On Tuesday morning, the American depositary receipts of newly listed Didi Global Inc. tumbled 22% in early premarket trading, after China’s cybersecurity regulator delivered a second blow to the ride-hailing giant two days after launching a review of its data security on Friday.
A unit of the regulator had also announced Monday data-security probes into popular mobile apps operated by Full Truck Alliance Co. and Kanzhun Ltd. , whose ADRs fell 16% and 10%, respectively, in premarket trading. U.S. markets were closed Monday for the July Fourth holiday.
The three companies had raised close to $7 billion in total from U.S. initial public offerings in June, and their shares rose upon their trading debuts.

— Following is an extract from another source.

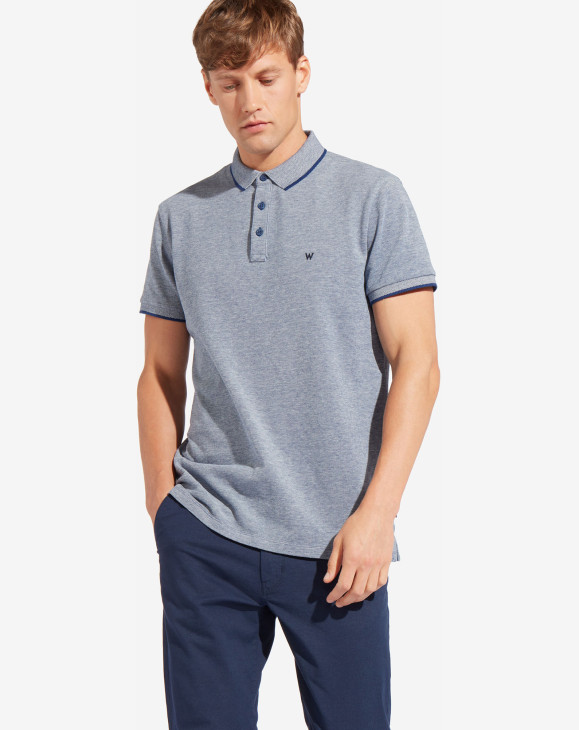 detail REFINED POLO BLUE DEPTHS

Didi’s Chinese ride-hailing app, Full Truck Alliance’s two truck-hailing platforms and Kanzhun’s online-recruiting app were ordered to stop adding users while the reviews take place. The Cyberspace Administration of China told app-store operators to take down Didi’s China service and said the Beijing-based company had collected personal information “in violation” of the country’s laws and regulations.
The latest regulatory assault is problematic for the pipeline of Chinese companies seeking IPOs on U.S. stock exchanges. Some might put their listing plans on hold or go public in Hong Kong instead, said investment bankers who advise Chinese companies.
“The heavy blow taken by Didi is a wake-up call” for investors, said Ming Liao, a former investment banker and founding partner of Prospect Avenue Capital, a Beijing-based private-equity firm that holds stakes in Chinese internet companies.
Many technology startups, he said, have given priority to growth and expansion over regulatory issues surrounding data collection and security, which is becoming a focal point for Beijing. “Investors are starting to realize those issues could turn into problems too big to fix if they are not addressed,” Mr. Liao added.
The Wall Street Journal reported that the cybersecurity regulators had suggested Didi delay its U.S. IPO, but the company decided to go ahead with the deal. Didi said it had no knowledge of the two decisions by the Cyberspace Administration before its listing.
Brian Bandsma, a New York-based portfolio manager at Vontobel Asset Management, said the regulatory crackdown on Didi so soon after its IPO could make investors reassess the high valuations of Chinese technology companies.
“Most people felt like a lot of regulatory risk was kind of behind us,” he said. “But right now there’s an uncertainty with what’s going to happen next.”
Last autumn, Chinese regulators forced financial-technology giant Ant Group Co. to cancel its blockbuster initial public offering that had been on track to raise more than $35 billion. The country’s top commerce regulator in April came down hard on Ant’s sister company Alibaba Group Holding Ltd. , imposing a $2.8 billion fine on the e-commerce giant and ordering it to stop anticompetitive business practices.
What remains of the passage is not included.